• **Problem statement**: Reproduce the whole listing that follows, character for character, and drop the images.

• **Material provided**:
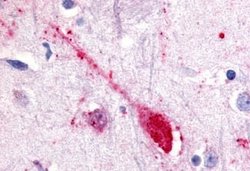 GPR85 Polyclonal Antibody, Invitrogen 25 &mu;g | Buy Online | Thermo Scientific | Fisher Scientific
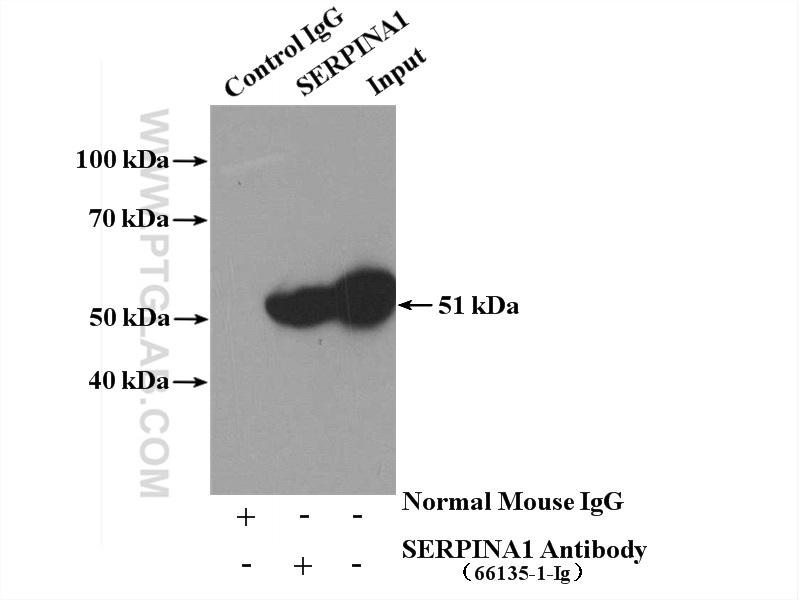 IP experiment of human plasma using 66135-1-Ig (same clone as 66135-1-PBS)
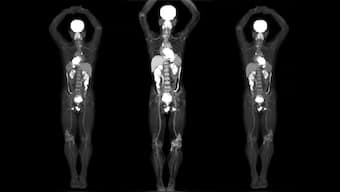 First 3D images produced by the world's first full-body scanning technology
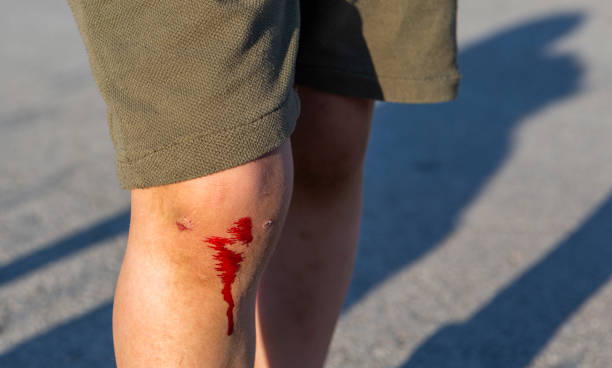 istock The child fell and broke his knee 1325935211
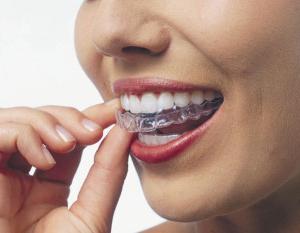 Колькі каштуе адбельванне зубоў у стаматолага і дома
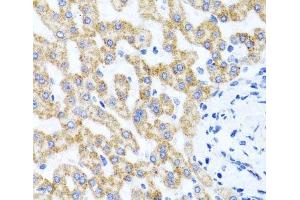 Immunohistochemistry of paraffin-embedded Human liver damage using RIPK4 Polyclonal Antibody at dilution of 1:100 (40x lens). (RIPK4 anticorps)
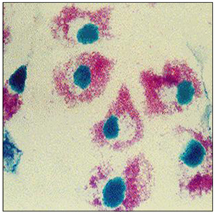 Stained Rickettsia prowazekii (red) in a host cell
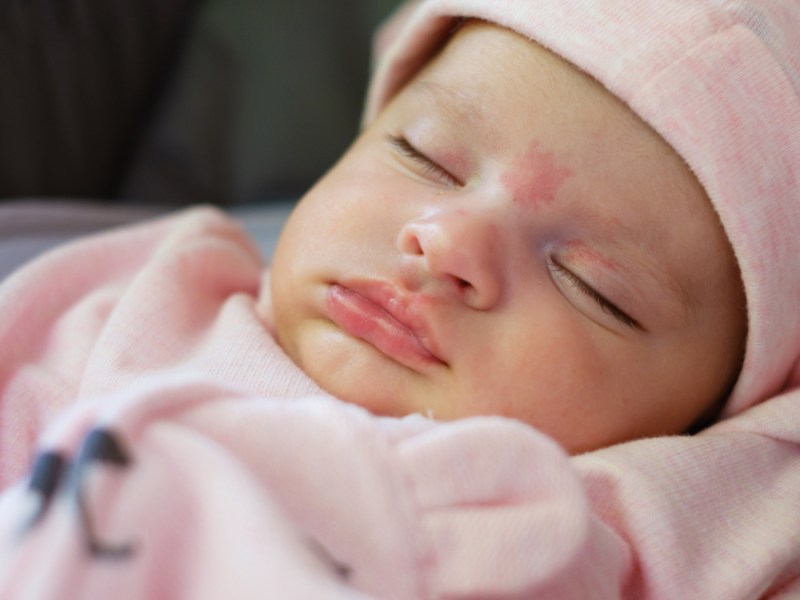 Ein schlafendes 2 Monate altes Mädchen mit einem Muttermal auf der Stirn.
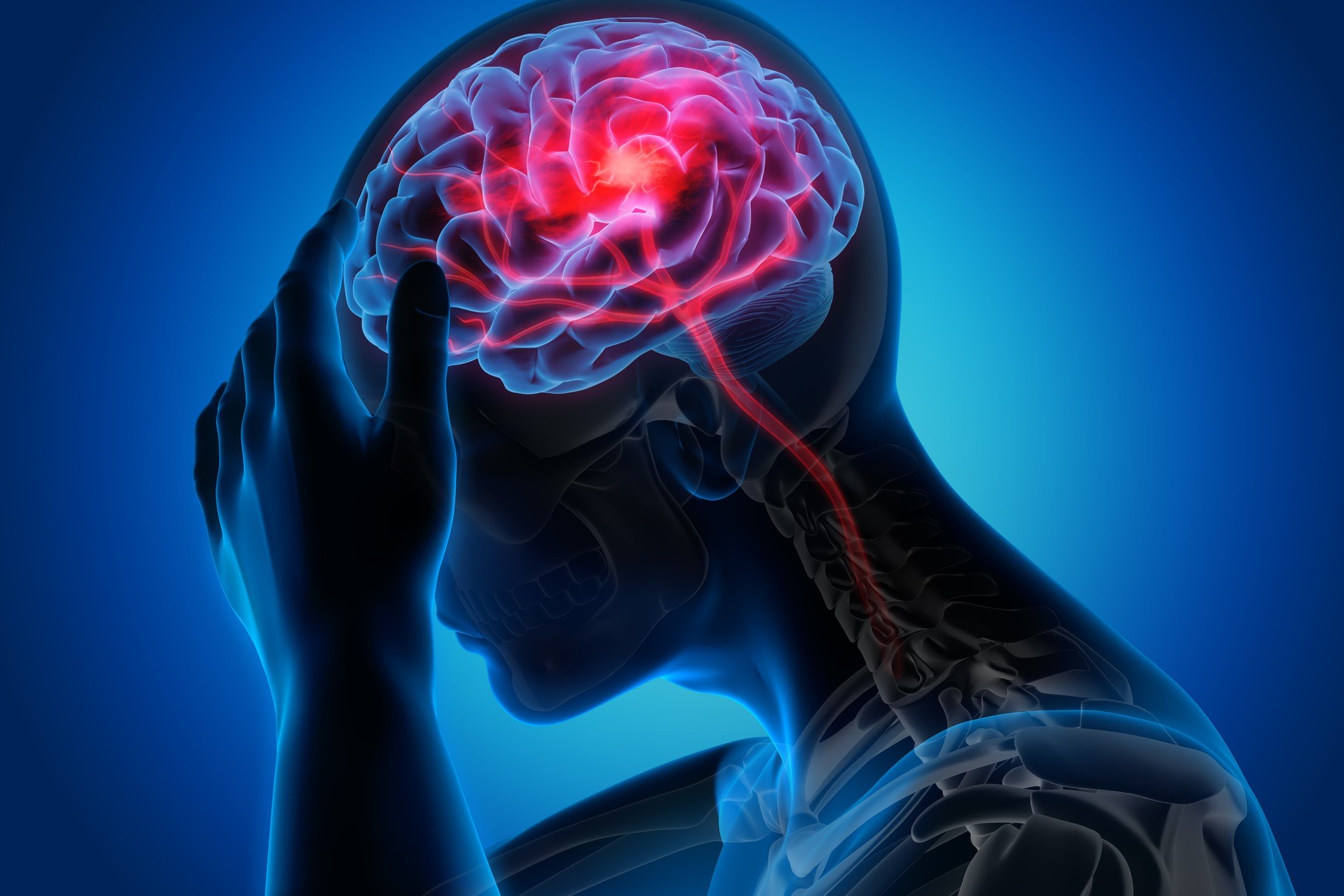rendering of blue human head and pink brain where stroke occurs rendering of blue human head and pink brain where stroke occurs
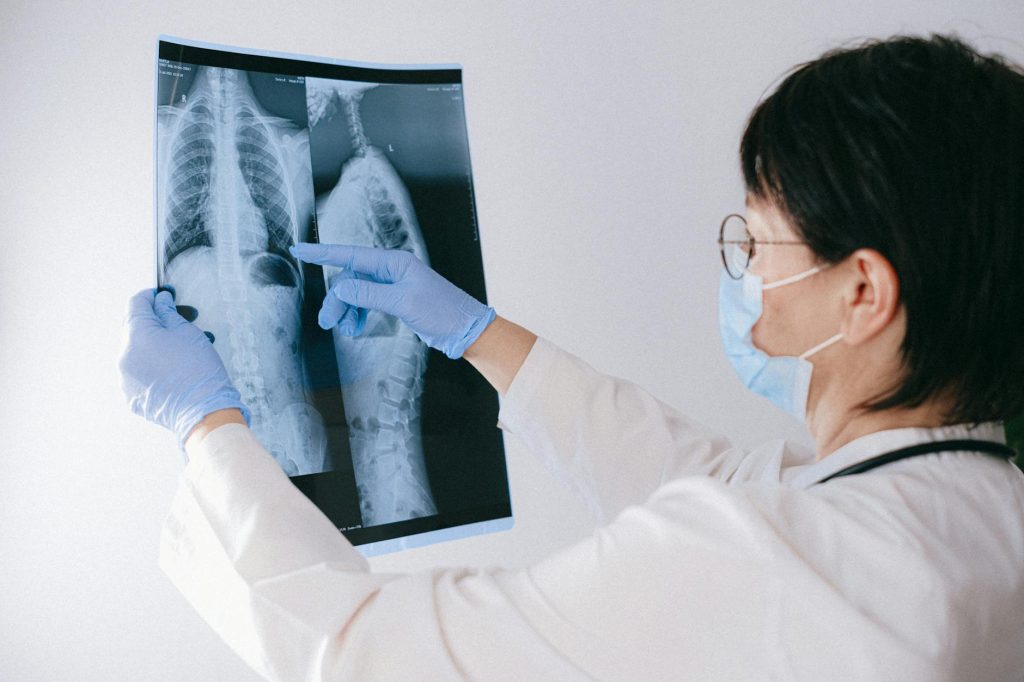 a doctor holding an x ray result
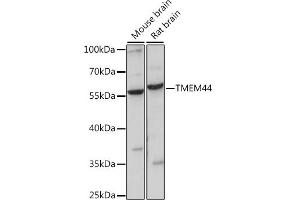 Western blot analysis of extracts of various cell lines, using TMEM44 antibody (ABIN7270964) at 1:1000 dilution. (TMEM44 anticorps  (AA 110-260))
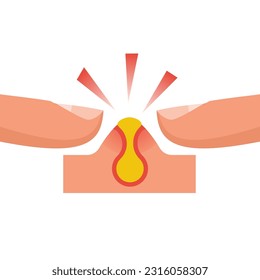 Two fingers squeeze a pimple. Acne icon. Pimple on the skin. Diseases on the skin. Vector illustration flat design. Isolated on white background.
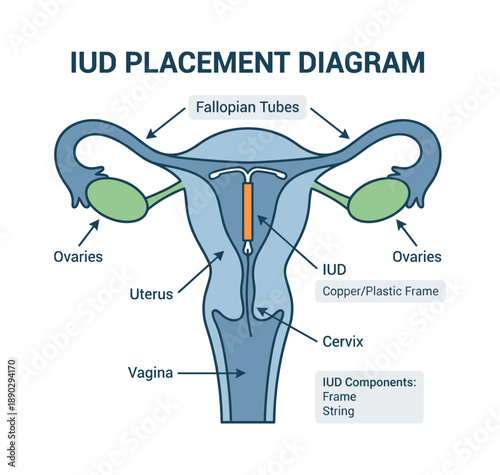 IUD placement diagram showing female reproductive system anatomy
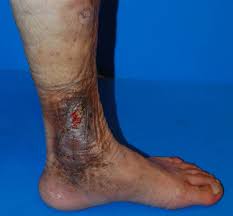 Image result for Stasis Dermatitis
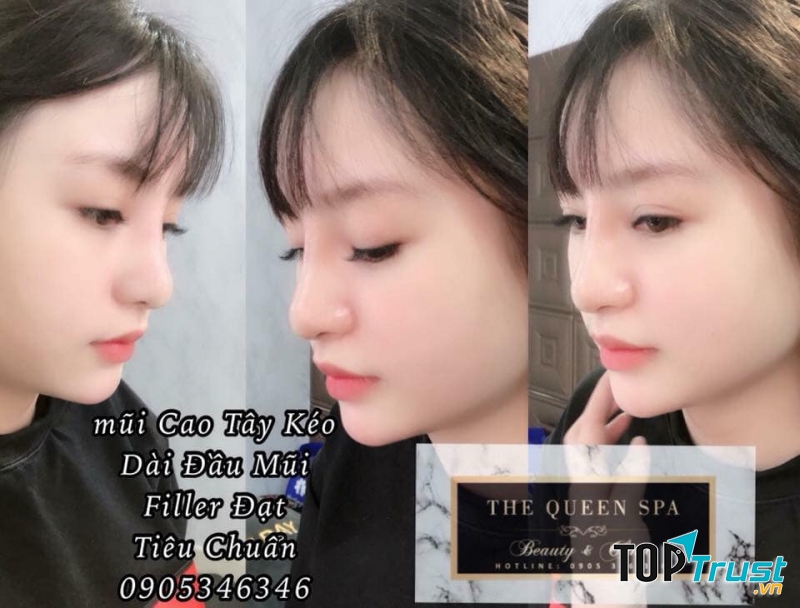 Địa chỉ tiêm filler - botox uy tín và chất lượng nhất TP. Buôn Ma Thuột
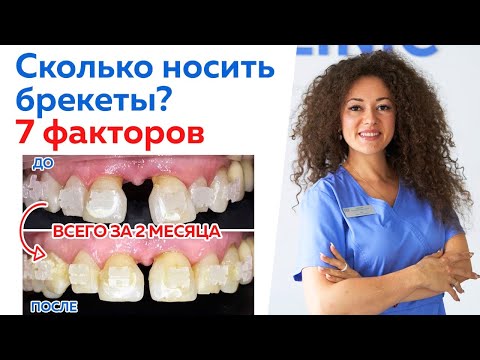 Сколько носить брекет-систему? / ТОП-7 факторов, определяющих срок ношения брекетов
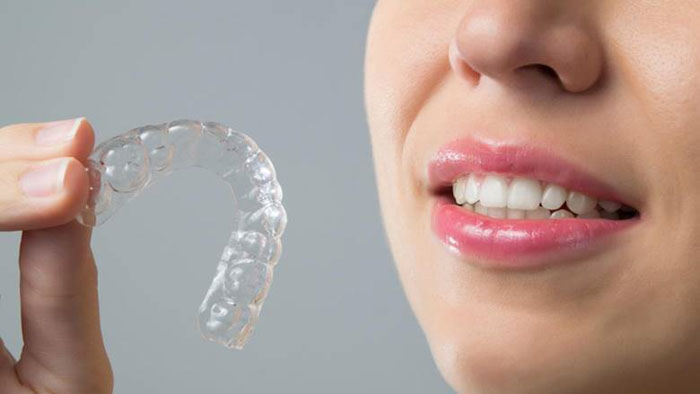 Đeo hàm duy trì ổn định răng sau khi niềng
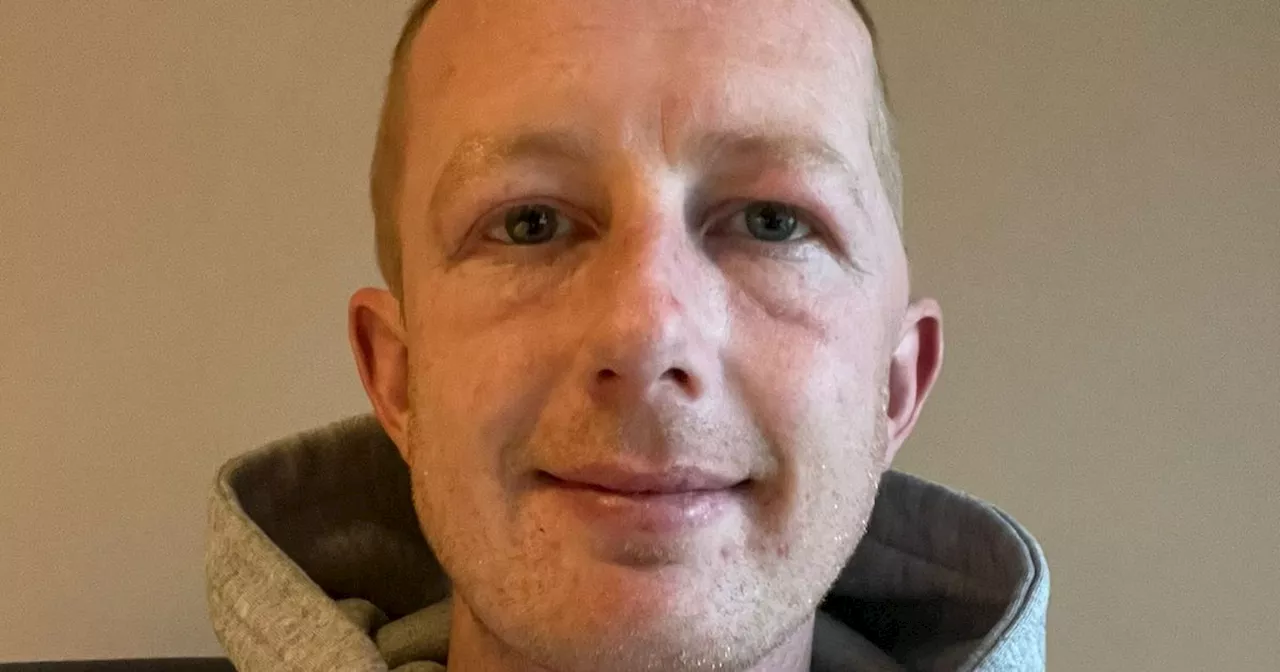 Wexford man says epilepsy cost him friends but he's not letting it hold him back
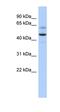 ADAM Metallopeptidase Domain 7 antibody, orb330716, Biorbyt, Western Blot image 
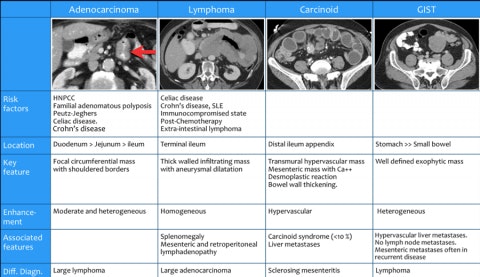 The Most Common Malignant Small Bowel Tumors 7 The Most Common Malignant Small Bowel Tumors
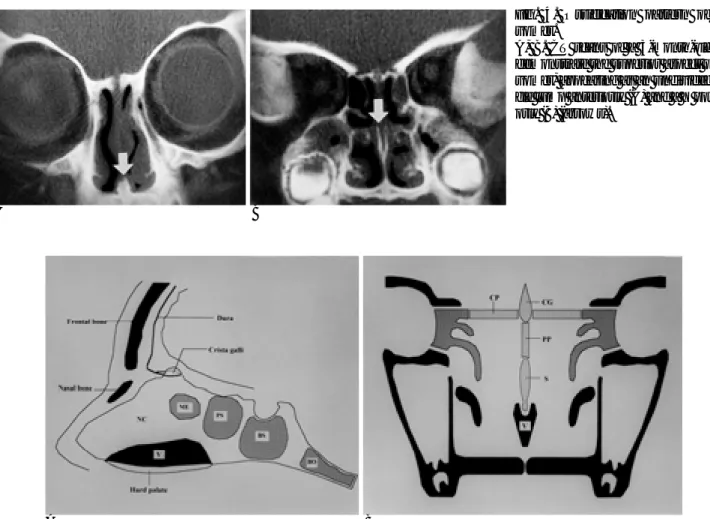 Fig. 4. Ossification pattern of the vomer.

• **Output of the task**:
 GPR85 Polyclonal Antibody, Invitrogen 25 &mu;g | Buy Online | Thermo Scientific | Fisher Scientific
 IP experiment of human plasma using 66135-1-Ig (same clone as 66135-1-PBS)
 First 3D images produced by the world's first full-body scanning technology
 istock The child fell and broke his knee 1325935211
 Колькі каштуе адбельванне зубоў у стаматолага і дома
 Immunohistochemistry of paraffin-embedded Human liver damage using RIPK4 Polyclonal Antibody at dilution of 1:100 (40x lens). (RIPK4 anticorps)
 Stained Rickettsia prowazekii (red) in a host cell
 Ein schlafendes 2 Monate altes Mädchen mit einem Muttermal auf der Stirn.
rendering of blue human head and pink brain where stroke occurs rendering of blue human head and pink brain where stroke occurs
 a doctor holding an x ray result
 Western blot analysis of extracts of various cell lines, using TMEM44 antibody (ABIN7270964) at 1:1000 dilution. (TMEM44 anticorps  (AA 110-260))
 Two fingers squeeze a pimple. Acne icon. Pimple on the skin. Diseases on the skin. Vector illustration flat design. Isolated on white background.
 IUD placement diagram showing female reproductive system anatomy
 Image result for Stasis Dermatitis
 Địa chỉ tiêm filler - botox uy tín và chất lượng nhất TP. Buôn Ma Thuột
 Сколько носить брекет-систему? / ТОП-7 факторов, определяющих срок ношения брекетов
 Đeo hàm duy trì ổn định răng sau khi niềng
 Wexford man says epilepsy cost him friends but he's not letting it hold him back
 ADAM Metallopeptidase Domain 7 antibody, orb330716, Biorbyt, Western Blot image 
 The Most Common Malignant Small Bowel Tumors 7 The Most Common Malignant Small Bowel Tumors
 Fig. 4. Ossification pattern of the vomer.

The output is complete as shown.